The work of a feed and farm management advisor varies depending on their employer. Some may work in research and education while others may work directly with farmers in the field. Aspiring feed and farm management advisors can consider a master's program in agribusiness or animal sciences, to name a few, and may have the ability to do an internship to gain necessary experience during their studies.
Feed and farm management advisors consult with farmers and livestock producers to help them with crop and animal production techniques. A master's degree is frequently preferred for entry-level employment.
|Required Education||Master's degree|
|Projected Job Growth (2018-2028)||5% for farm and home management advisors*|
|Median Annual Salary (2018)||$49,840 for farm and home management advisors*|
Source: *U.S. Bureau of Labor Statistics
Job Description for a Farm and Feed Management Advisor
Farm and feed management advisors collect, analyze, report and guide farmers on issues related to farm management and production. These professionals may advise or help farmers with issues ranging from animal nutrition to harvesting practices.
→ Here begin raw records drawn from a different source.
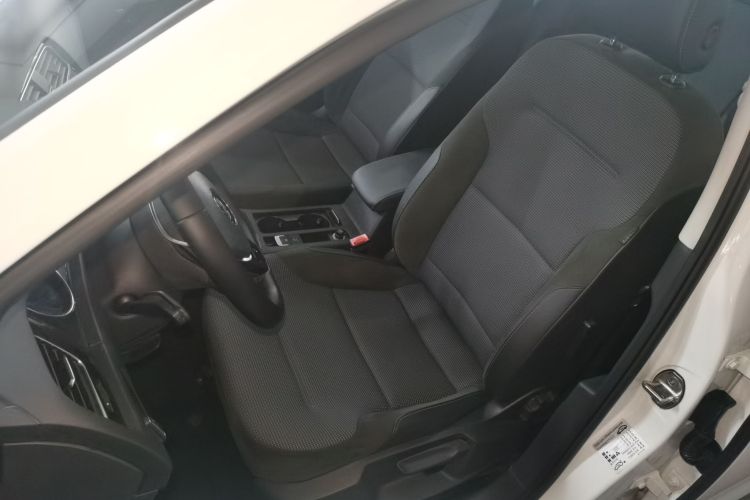 大众 高尔夫 2018款 1.6L 自动舒适型中控内饰19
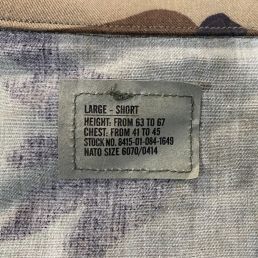 étiquette intérieure large short, mensurations et nsn visibles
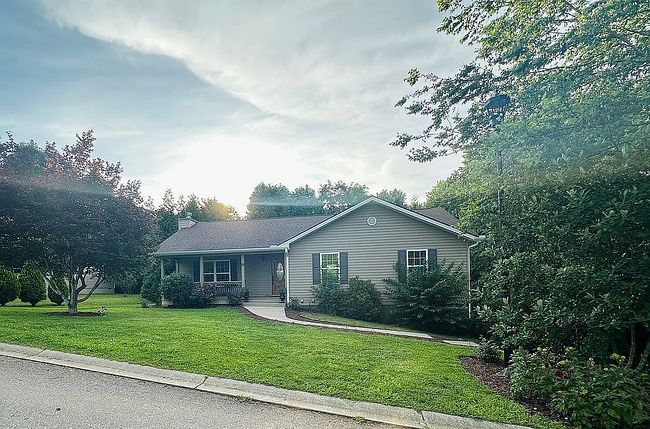 Photo of 19 Azure Sage Way, Asheville, NC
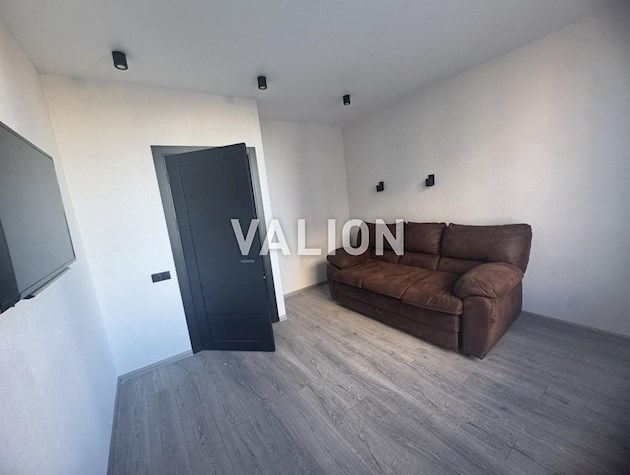 Продаю 2к кв. пр.Європейського Союзу, ЖК Варшавський плюс.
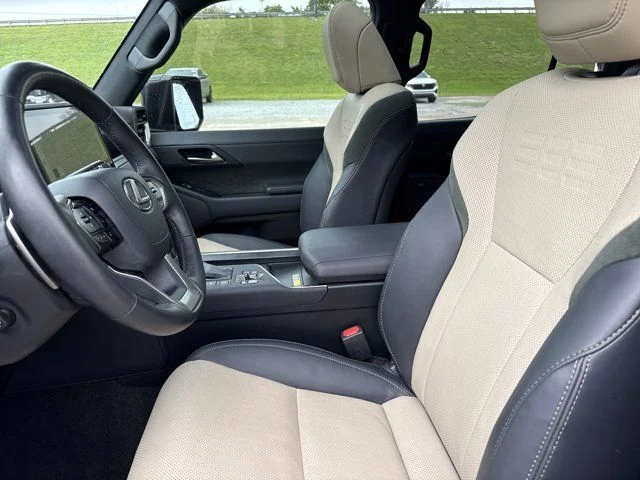 Used 2025 White Lexus 550 Overtrail+ image 5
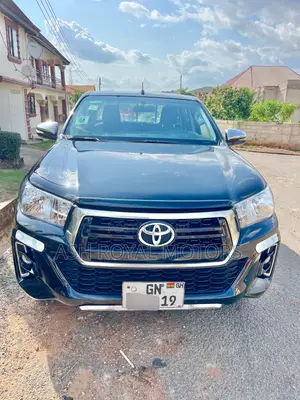 Toyota Hilux Workmate 4x4 2019 Black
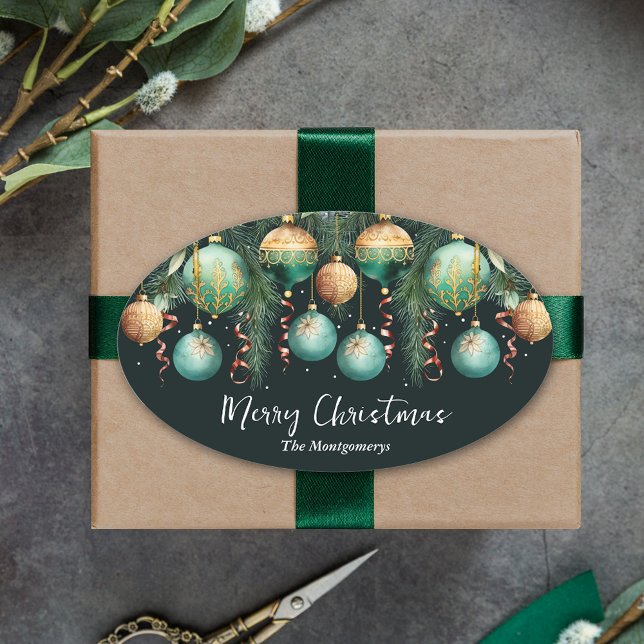 Goldene Christbaumkugeln Weihnachtsbaum Ovaler Aufkleber (Gold and green tree ornaments Merry Christmas oval stickers 4.5" x 2.7")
As such, farm and feed management advisors may work for large farms, consulting services, postsecondary institutions and government agencies.
Job duties may vary substantially based on the employer. For example, while feed and farm management advisors working for postsecondary institutions may focus on conducting research or lecturing on farm practices, those employed by consulting services may spend more time interacting with farmers in the field. Others may specialize in an area such as financial planning to help farmers with balance sheets and income statements.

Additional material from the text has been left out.